L'autocontrôle de la tension oculaire
 

R. Theisen [1], V. Scherer [1], K.W. Ruprecht [1]
[1] Augenklinik und Poliklinik, Universität des Saarlandes, Kirrberger Str. 1, D-66421 Homburg (Saar).

Abstract
Self-measurement of intraocular pressure

Objective: To study Draeger's self-tonometer handling and accuracy.

Materials and Methods: This microprocessor-controled applanation tonometer enables the patient to perform frequent measurements himself.

Two studies were carried out. In a first patient series of 22 participants we analyzed patient-acceptance with regard to tonometer handling, in a second group of 10 normal eyes, 30 average readings obtained using the Draeger tonometer were compared to the results from Goldmann applanation tonometry.
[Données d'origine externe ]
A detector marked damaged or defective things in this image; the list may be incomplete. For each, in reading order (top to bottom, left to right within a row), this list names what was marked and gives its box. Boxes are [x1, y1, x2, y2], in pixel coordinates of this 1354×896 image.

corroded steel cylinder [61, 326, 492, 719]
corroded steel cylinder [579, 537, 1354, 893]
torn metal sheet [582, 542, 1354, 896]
Results: In the first group of 22 patients, 8 participants considered that the new tonometer was easy to handle, 7 reported moderately difficult and 6 difficult handling. One patient did not succeed in measuring at all. The results of the second group showed a statistically non significant mean difference of 0.3mmHg with a standard deviation of nearly 2 mmHg. 80.1% of measurements were within +/-2mmHg. The correlation coefficent was 0.73.
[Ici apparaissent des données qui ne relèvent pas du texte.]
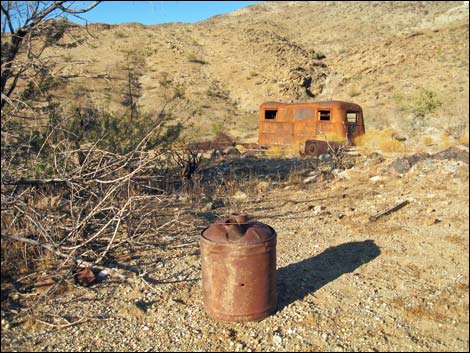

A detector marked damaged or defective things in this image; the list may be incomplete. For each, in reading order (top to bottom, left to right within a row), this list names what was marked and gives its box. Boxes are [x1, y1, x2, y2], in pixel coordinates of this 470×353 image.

Conclusions: Handling the self-tonometer is quite simple and provides close and reliable readings. Thus, in addition to early detection, self-tonometry offers the possibility of improved management and follow-up of glaucoma.

Abstract
L'autocontrôle de la tension oculaire

Objectifs : Étudier la facilité et la fiabilité d'utilisation de l'autotonomètre de Draeger.

Matériel et méthodes : Ce tonomètre par aplanation est contrôlé par microprocesseur. Il permet au patient d'effectuer lui-même des contrôles tensionnels fréquents.
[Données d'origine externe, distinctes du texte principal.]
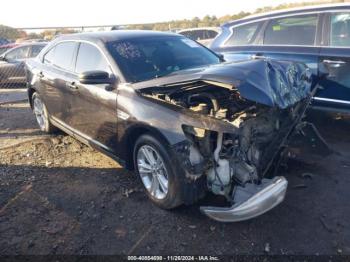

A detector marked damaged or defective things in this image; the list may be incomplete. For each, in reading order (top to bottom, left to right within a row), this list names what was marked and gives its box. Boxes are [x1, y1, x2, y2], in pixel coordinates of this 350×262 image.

damaged sedan [26, 31, 314, 222]
crushed front end [137, 59, 312, 221]
detached front bumper [200, 177, 288, 222]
Nous avons mené deux études : la première portant sur 22 patients évalue le maniement du tonomètre automatique portatif, la deuxième, réalisée sur 10 yeux normaux, compare 30 moyennes de mesures obtenues au tonomètre de Draeger à celles fournies par la méthode de référence de Goldmann.

Résultats : Dans la première étude, 8 patients ont jugé le maniement simple, 7 moyen et 6 difficile. Un seul patient n'a réussi aucune mesure.

Les résultats de la deuxième étude montrent une différence des moyennes statistiquement non significative de 0,3 millimètres de mercure avec un écart type d'environ 2 millimètres de mercure. 80,1 % des mesures se situent à +/- 2 millimètres de mercure de différence. Le coefficient de corrélation est de 0,73.

Conclusions : L'autotonomètre est d'un maniement assez aisé, fournissant des valeurs fiables et rapprochées. Ainsi s'ajoute à l'intérêt du dépistage précoce la possibilité pour le patient glaucomateux de suivre lui-même l'évolution de sa maladie et d'en guider la thérapeutique.


Mots clés : Profils tensionnels. , autocontrôle. , tonométrie. , microprocesseur. , glaucome. , dépistage.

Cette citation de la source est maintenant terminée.